**Task requirements:**
All of the lines below need to be copied exactly, apart from the pictures.

**Information supplied:**

□ □ □ □ □ □ □

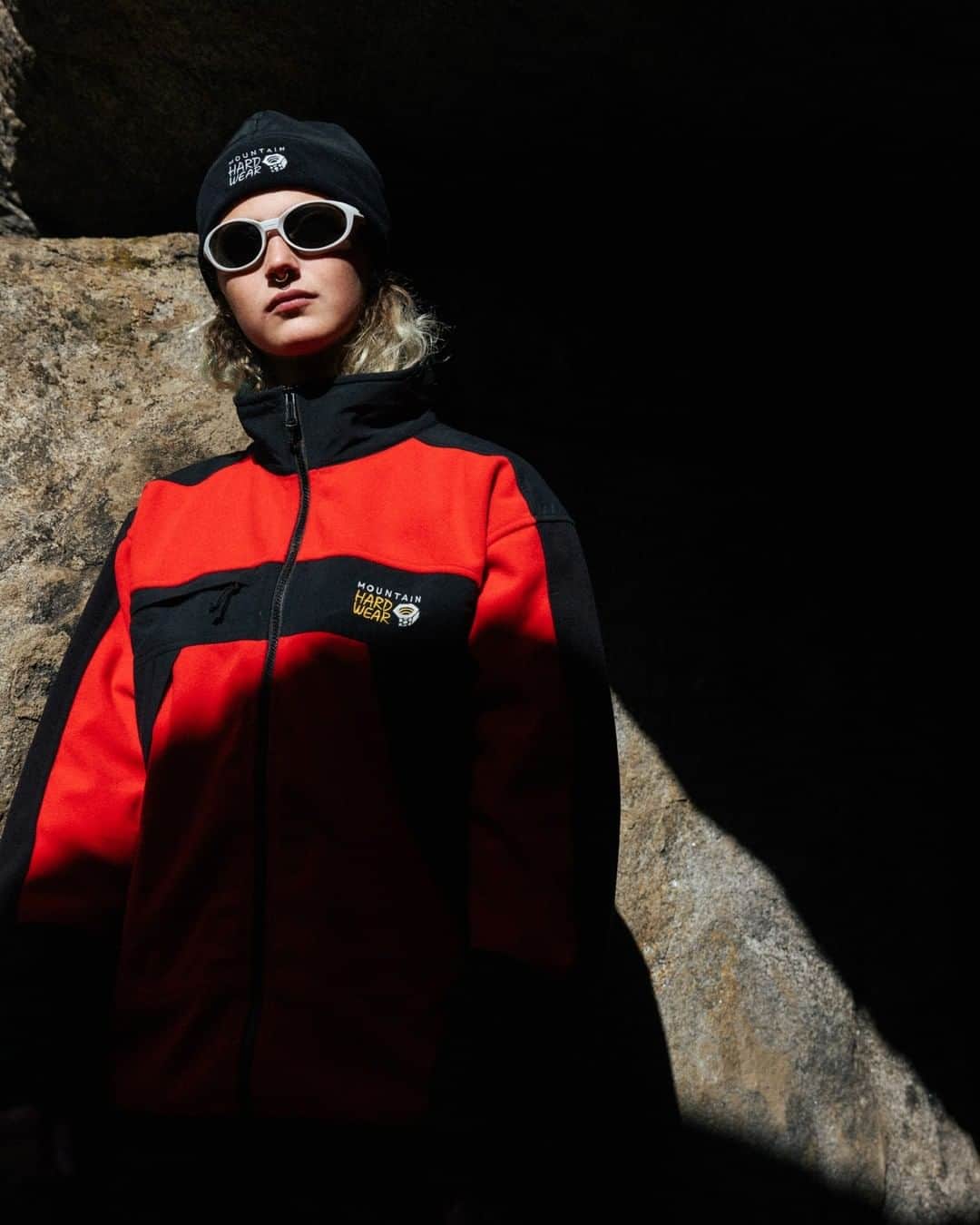 マウンテンハードウェア公式さんのインスタグラム写真 - (マウンテンハードウェア公式Instagram)「・ Windstopper® Tech jacket Reissue  1993年に登場したウインドストッパーテックフリースは防風性を持ち温かく、かつ非常にソフトで多くのユーザーに支持を受けたブランドの代表作でした。  ハードシェルでは実現出来ない柔らかい着心地ながら風を防ぐフリースジャケットを、現代のリサイクル素材に置き換え、新たにアップデートされたゴア社Windstopper®を採用しました。  #SeekWilderPaths #MountainHardwearSince1993 #Reissue」10月5日 19時01分 - mountainhardwear.jp
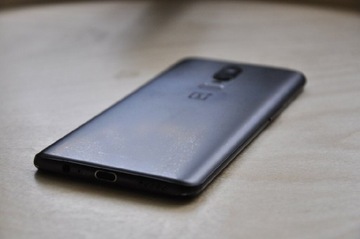 OnePlus 6 8GB 128 GB 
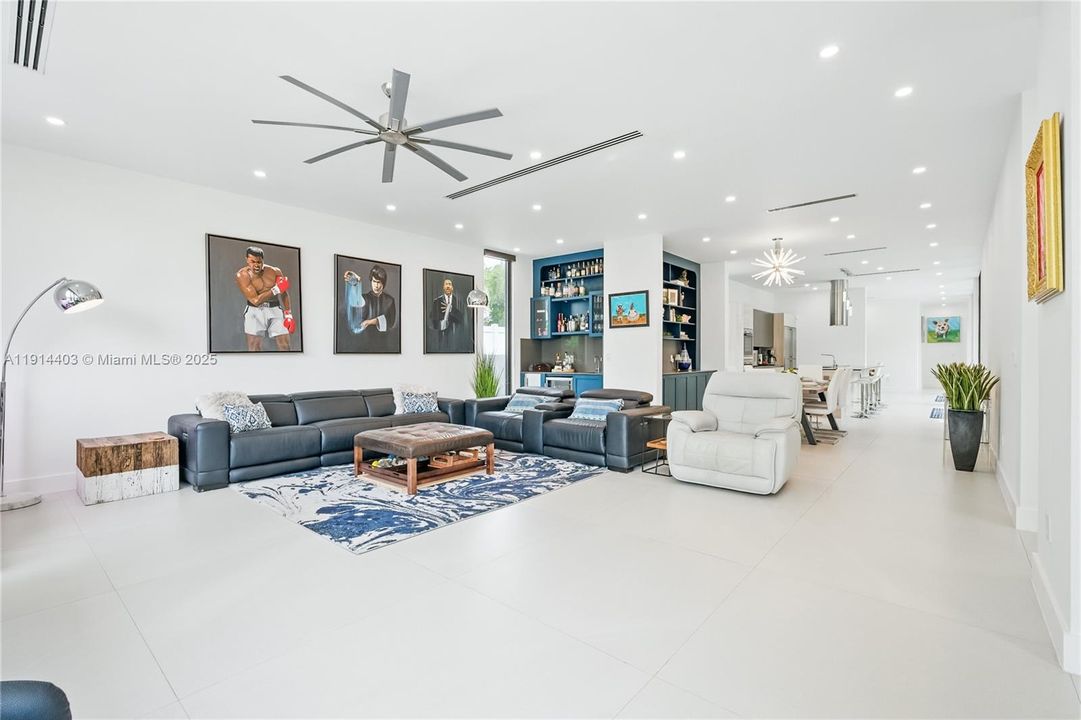 For Sale: $3,100,000 (4 beds, 4 baths, 3216 Square Feet)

□ □ □ □ □ □ □

**Result of the exercise:**
 マウンテンハードウェア公式さんのインスタグラム写真 - (マウンテンハードウェア公式Instagram)「・ Windstopper® Tech jacket Reissue  1993年に登場したウインドストッパーテックフリースは防風性を持ち温かく、かつ非常にソフトで多くのユーザーに支持を受けたブランドの代表作でした。  ハードシェルでは実現出来ない柔らかい着心地ながら風を防ぐフリースジャケットを、現代のリサイクル素材に置き換え、新たにアップデートされたゴア社Windstopper®を採用しました。  #SeekWilderPaths #MountainHardwearSince1993 #Reissue」10月5日 19時01分 - mountainhardwear.jp
 OnePlus 6 8GB 128 GB 
 For Sale: $3,100,000 (4 beds, 4 baths, 3216 Square Feet)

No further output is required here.